**Task goal**
The pictures must be left out, while the rest of the data is copied exactly.

**Provided information**
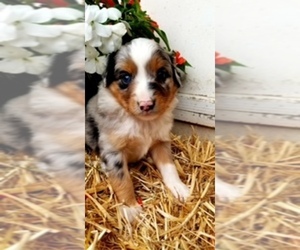 Miniature Australian Shepherd Puppy for sale in GASTON, OR, USA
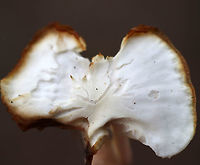 Meadow Waxcap - Cuphophyllus pratensis Cap: Flat; white; uneven brownish edges<br />
<br />
Gills: Slightly decurrent; creamy; distant with short gills<br />
<br />
Stem: White; bald; hollow<br />
<br />
Habitat: Mixed forest<br />
https://www.jungledragon.com/image/75073/meadow_waxcap_-_cuphophyllus_pratensis.html<br />
https://www.jungledragon.com/image/75072/meadow_waxcap_-_cuphophyllus_pratensis.html Cuphophyllus,Cuphophyllus pratensis,Fall,Geotagged,Meadow waxcap,United States,mushroom,white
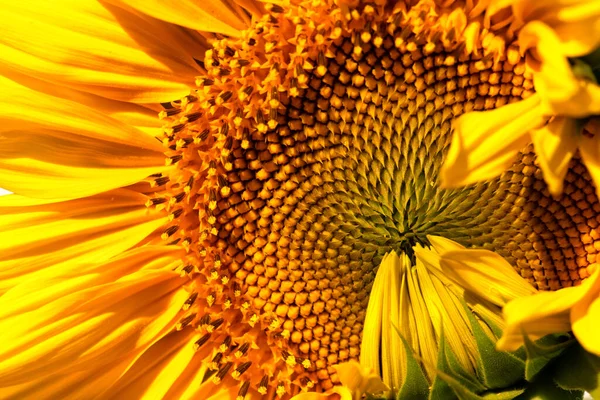 Sunflower flower in the field, close-up, selective focus. Abstract natural background.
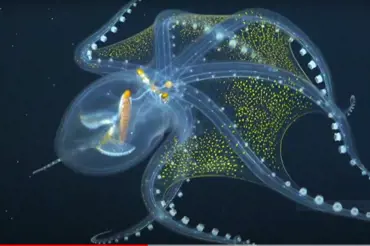 Toto není animace. Vědci pořídili záběry vzácné skleněné chobotnice. Tak krásného tvora jste neviděli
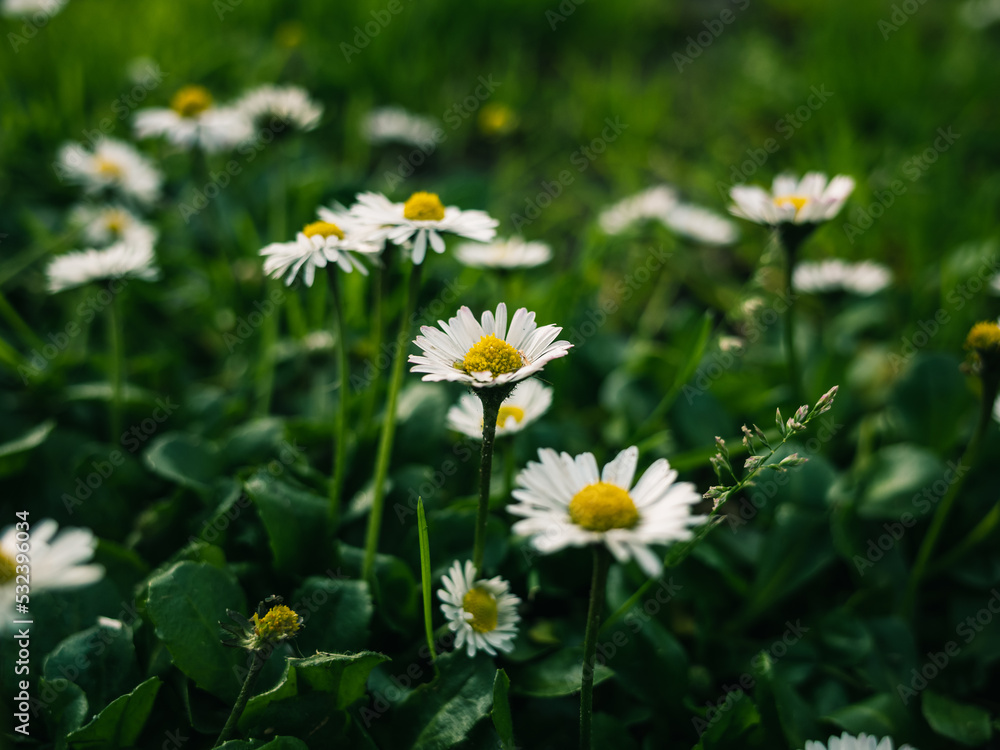 daisies in the grass daisies in the grass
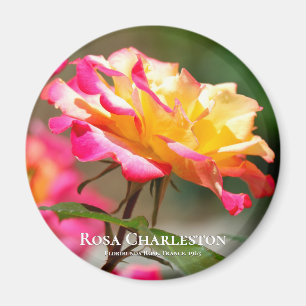 Rosa Charleston Magnet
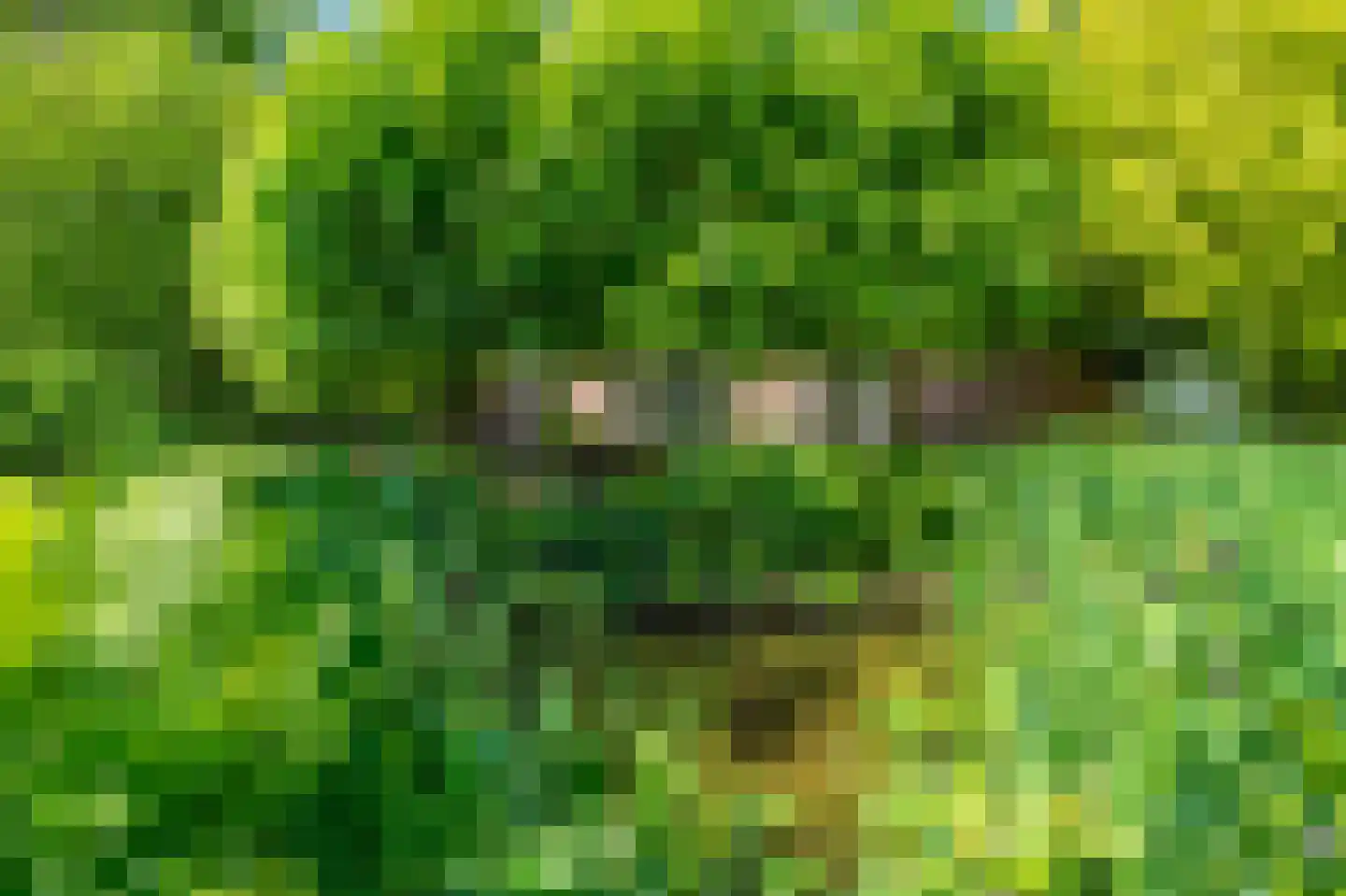 Moddermanspad 4 Bourtange thumbnail 17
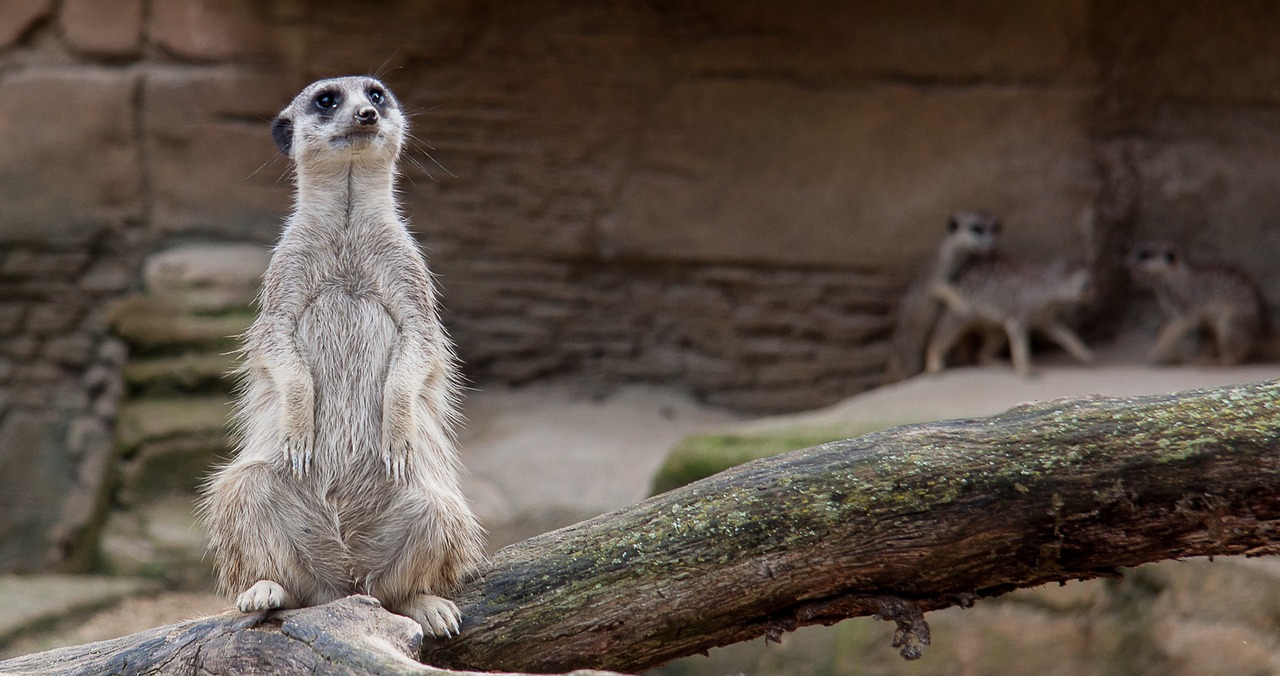 meerkat zoo curious free photo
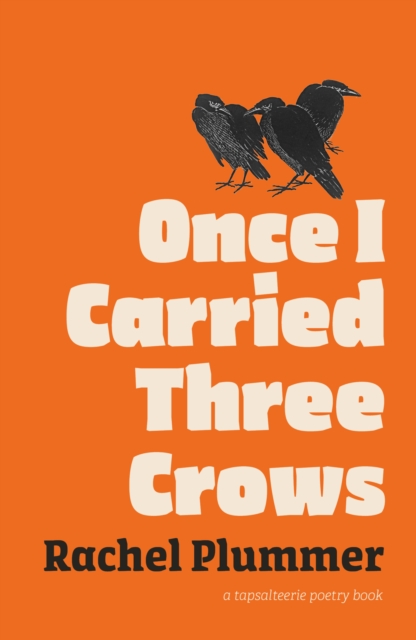Once I Carried Three Crows - Rachel Plummer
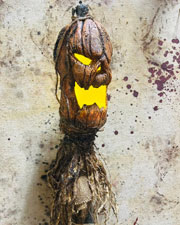 Jack-O-Lantern Swamp Stick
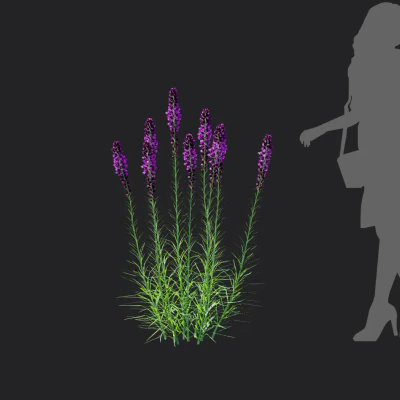 liatris spicata 001 — download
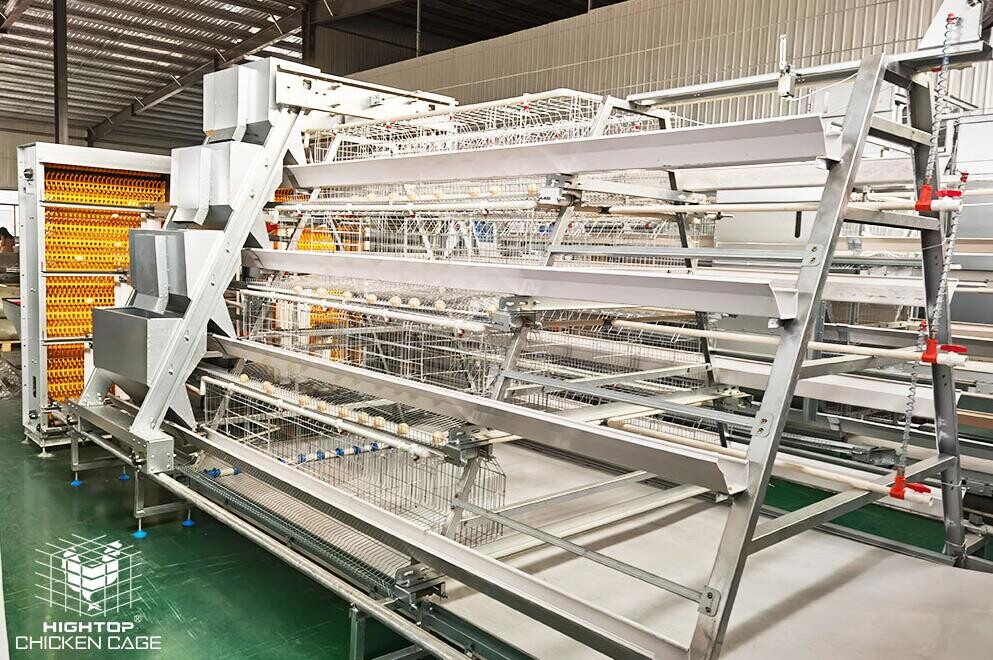 Una jaula tipo A es una solución confiable y efectiva para alojar gallinas ponedoras y promover una producción eficiente de huevos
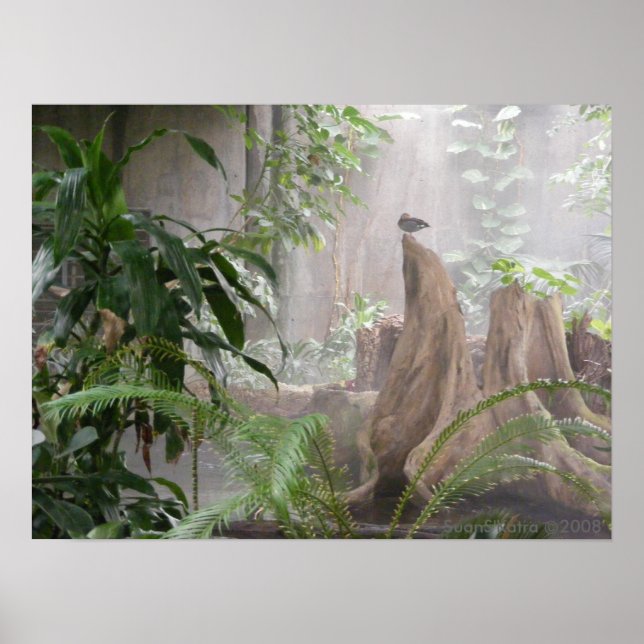 Poster Jungle Duck (Devant)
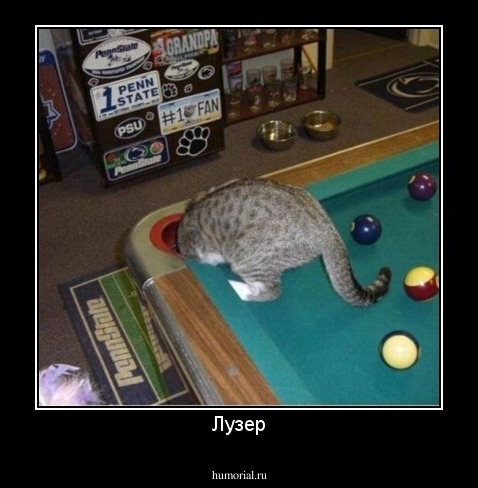 Лузер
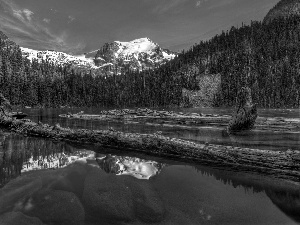 lake, Stems, trees, Mountains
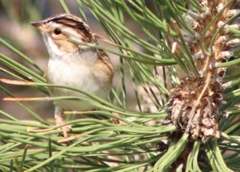 Spizella pallida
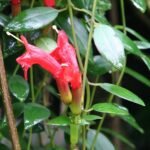 Scheinlippenstift plant met glanzende groene bladeren en bloemen.
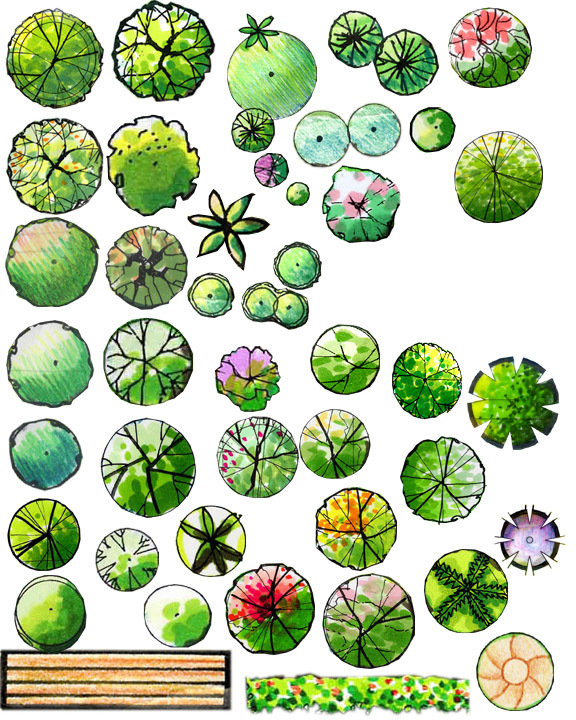 水彩平面植物素材资料下载-园林手绘-手绘植物平面psd素材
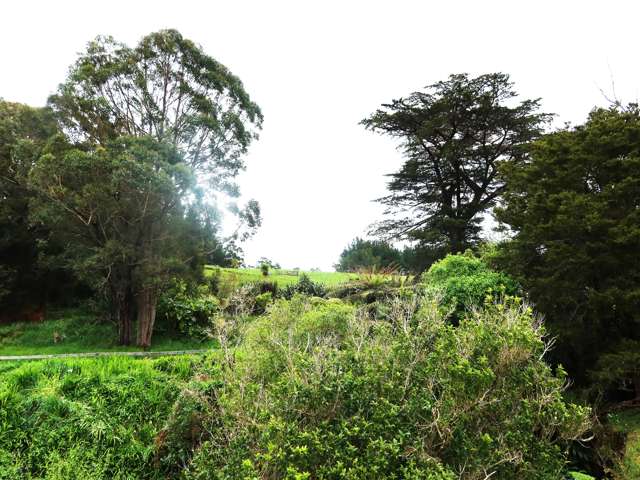 37 Donnellys Station Road Dargaville_2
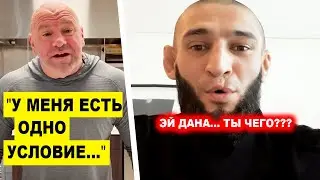 КОНЕЦ! Дана Уайт ПОСТАВИЛ ЖЕСТКОЕ условие ЧИМАЕВУ / Петр Ян БУДЕТ БЕЗ секундантов!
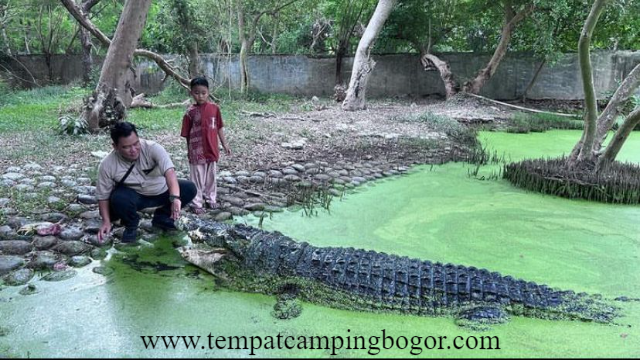 Wisata Buaya Blanakan Destinasi Edukatif dan Seru di Subang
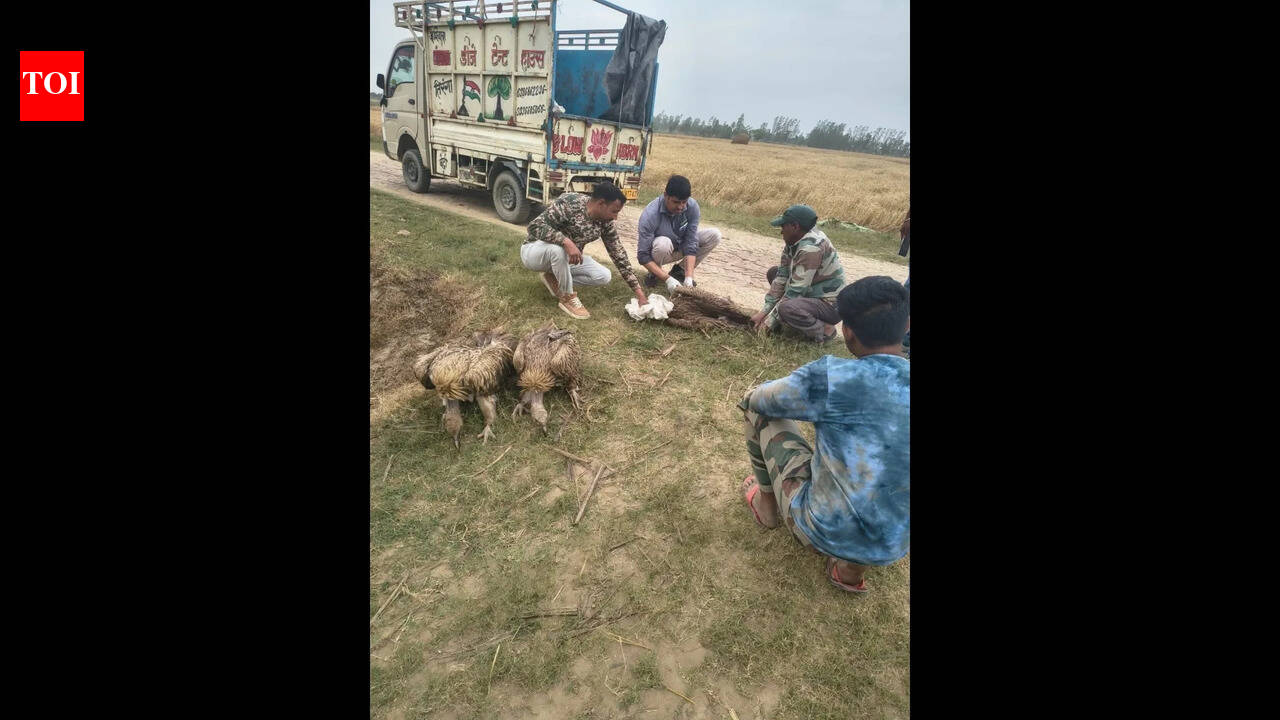 Bird flu scare in Kheri after 25 vultures found dead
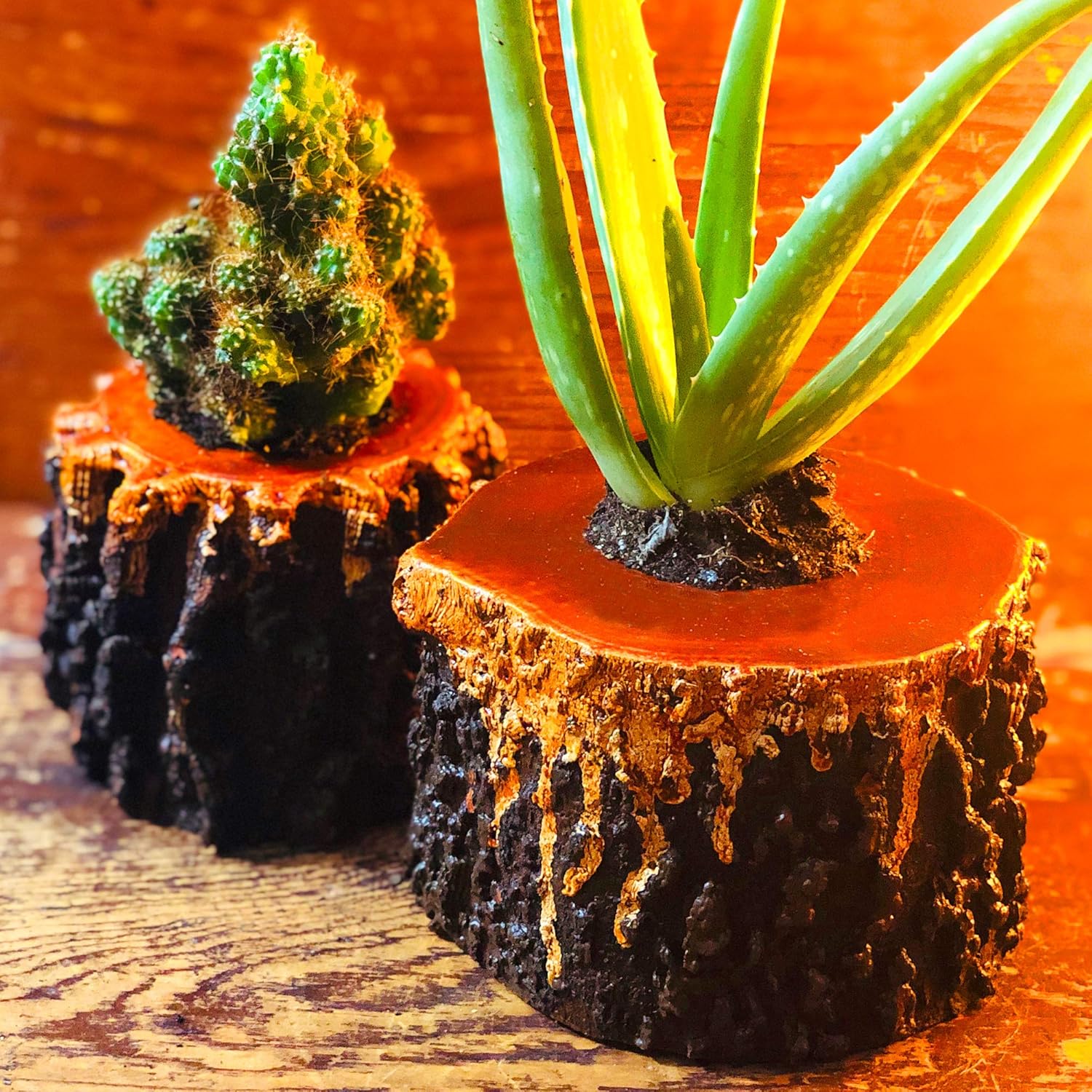Bushy Box Live Potted Aloe & Succulent Set Cool Plant Mix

**Written solution**
 Miniature Australian Shepherd Puppy for sale in GASTON, OR, USA
 Meadow Waxcap - Cuphophyllus pratensis Cap: Flat; white; uneven brownish edges<br />
<br />
Gills: Slightly decurrent; creamy; distant with short gills<br />
<br />
Stem: White; bald; hollow<br />
<br />
Habitat: Mixed forest<br />
https://www.jungledragon.com/image/75073/meadow_waxcap_-_cuphophyllus_pratensis.html<br />
https://www.jungledragon.com/image/75072/meadow_waxcap_-_cuphophyllus_pratensis.html Cuphophyllus,Cuphophyllus pratensis,Fall,Geotagged,Meadow waxcap,United States,mushroom,white
 Sunflower flower in the field, close-up, selective focus. Abstract natural background.
 Toto není animace. Vědci pořídili záběry vzácné skleněné chobotnice. Tak krásného tvora jste neviděli
 daisies in the grass daisies in the grass
 Rosa Charleston Magnet
 Moddermanspad 4 Bourtange thumbnail 17
 meerkat zoo curious free photo
Once I Carried Three Crows - Rachel Plummer
 Jack-O-Lantern Swamp Stick
 liatris spicata 001 — download
 Una jaula tipo A es una solución confiable y efectiva para alojar gallinas ponedoras y promover una producción eficiente de huevos
 Poster Jungle Duck (Devant)
 Лузер
 lake, Stems, trees, Mountains
 Spizella pallida
 Scheinlippenstift plant met glanzende groene bladeren en bloemen.
 水彩平面植物素材资料下载-园林手绘-手绘植物平面psd素材
 37 Donnellys Station Road Dargaville_2
 КОНЕЦ! Дана Уайт ПОСТАВИЛ ЖЕСТКОЕ условие ЧИМАЕВУ / Петр Ян БУДЕТ БЕЗ секундантов!
 Wisata Buaya Blanakan Destinasi Edukatif dan Seru di Subang
 Bird flu scare in Kheri after 25 vultures found dead
Bushy Box Live Potted Aloe & Succulent Set Cool Plant Mix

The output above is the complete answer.